• _TASK INSTRUCTIONS_: Could you retype the entries below exactly, omitting every picture?

• _THE DATA_:
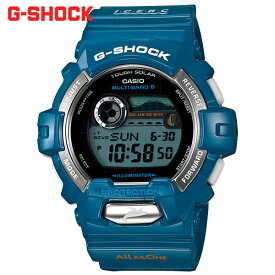 【G-SHOCK/腕時計】Gショック 電波ソーラー G-SHOCK ジーショック CASIO カシオ 腕時計 GWX-8900K-3JR 国内正規品 イルクジ イルカ・クジラモデル メンズ うでどけい Men's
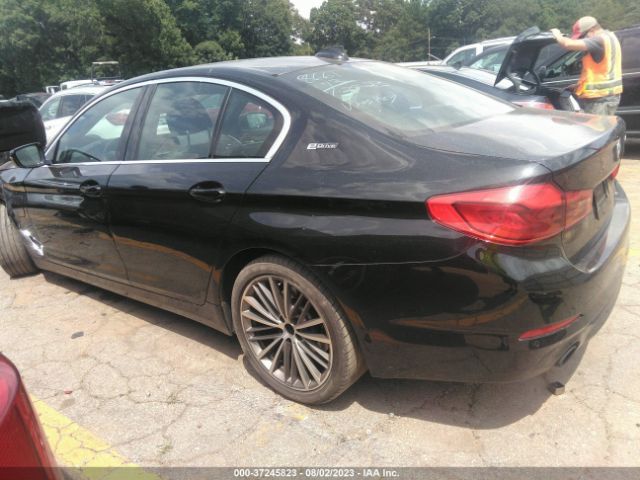 WBAJA9C51KB398661 BMW 5 Series 530e Iperformance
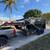 Maxx D roll off dump trailer 20yrd can 4 thumbnail
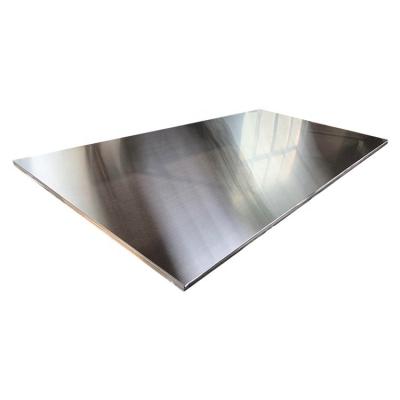 China Type 304 Stainless Steel Sheet Plate 0.8mm Thick Pvc Covered Mirror BA 2B 4x8 Size for sale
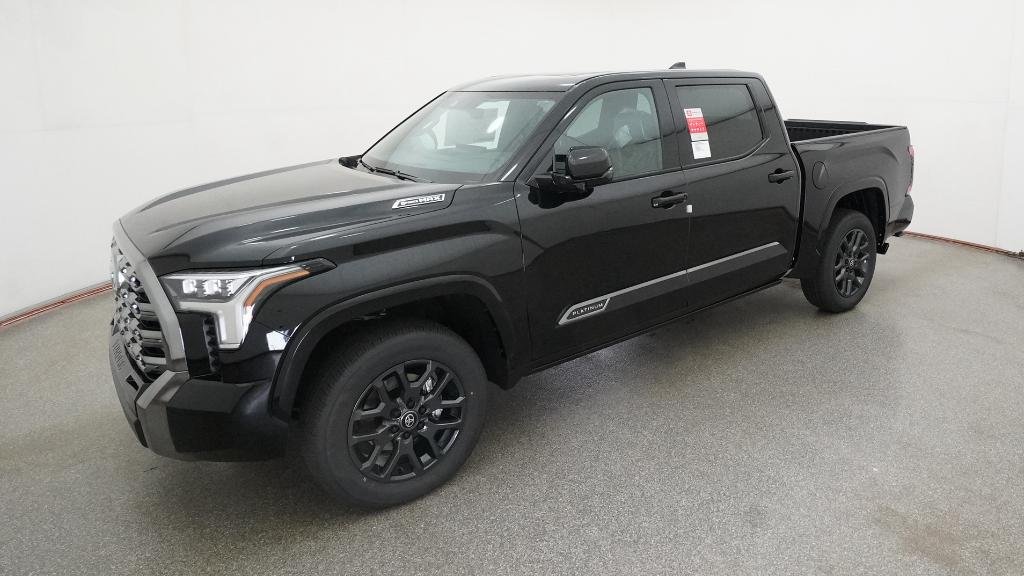 New 2026 Midnight Black Metallic Toyota Platinum i-FORCE MAX image 31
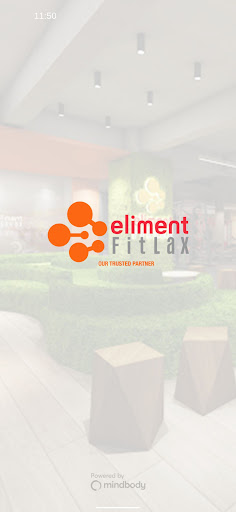 Android application Eliment Fitlax screenshort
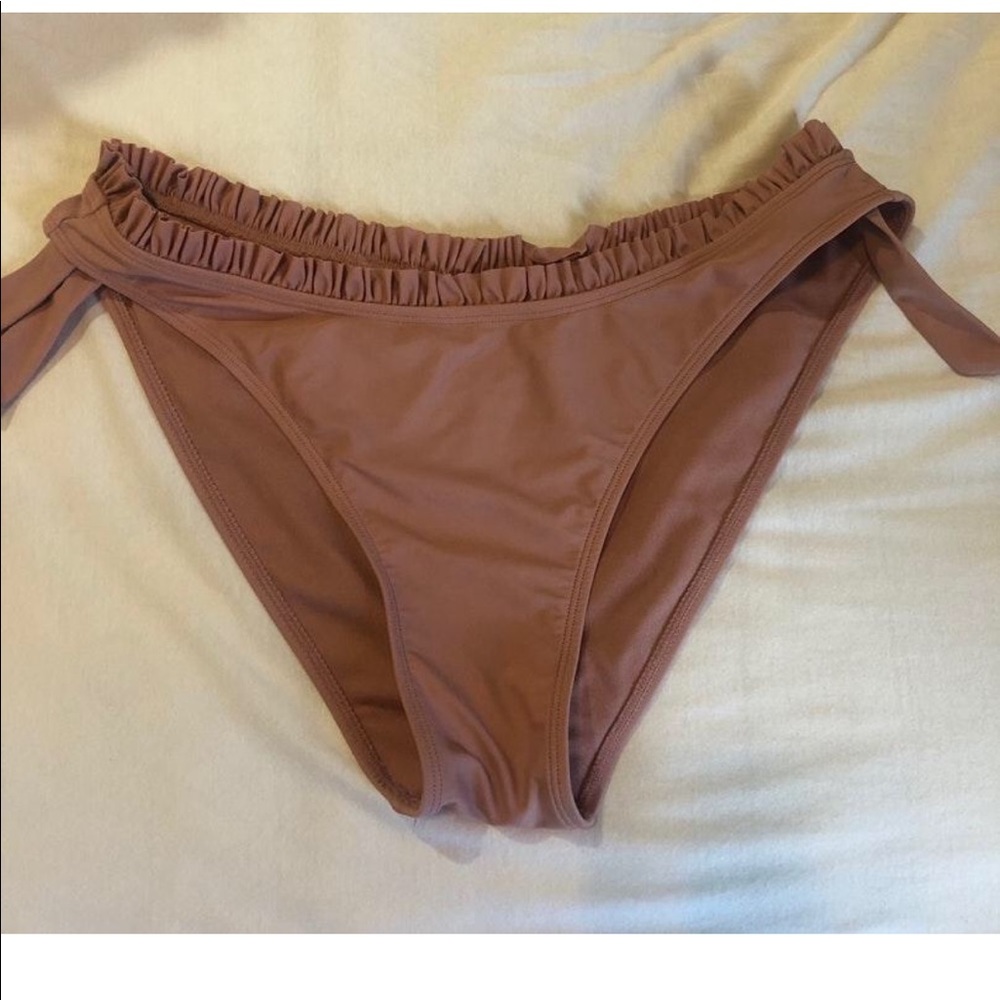Target swim bottoms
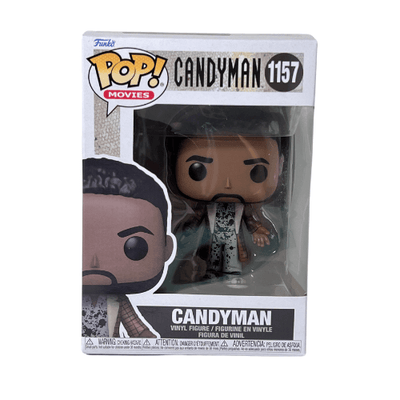 Funko Pop! Movies: Candyman #1157 - Nerd Stuff of Alabama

• _WRITTEN ANSWER_:
 【G-SHOCK/腕時計】Gショック 電波ソーラー G-SHOCK ジーショック CASIO カシオ 腕時計 GWX-8900K-3JR 国内正規品 イルクジ イルカ・クジラモデル メンズ うでどけい Men's
 WBAJA9C51KB398661 BMW 5 Series 530e Iperformance
 Maxx D roll off dump trailer 20yrd can 4 thumbnail
 China Type 304 Stainless Steel Sheet Plate 0.8mm Thick Pvc Covered Mirror BA 2B 4x8 Size for sale
 New 2026 Midnight Black Metallic Toyota Platinum i-FORCE MAX image 31
 Android application Eliment Fitlax screenshort
Target swim bottoms
 Funko Pop! Movies: Candyman #1157 - Nerd Stuff of Alabama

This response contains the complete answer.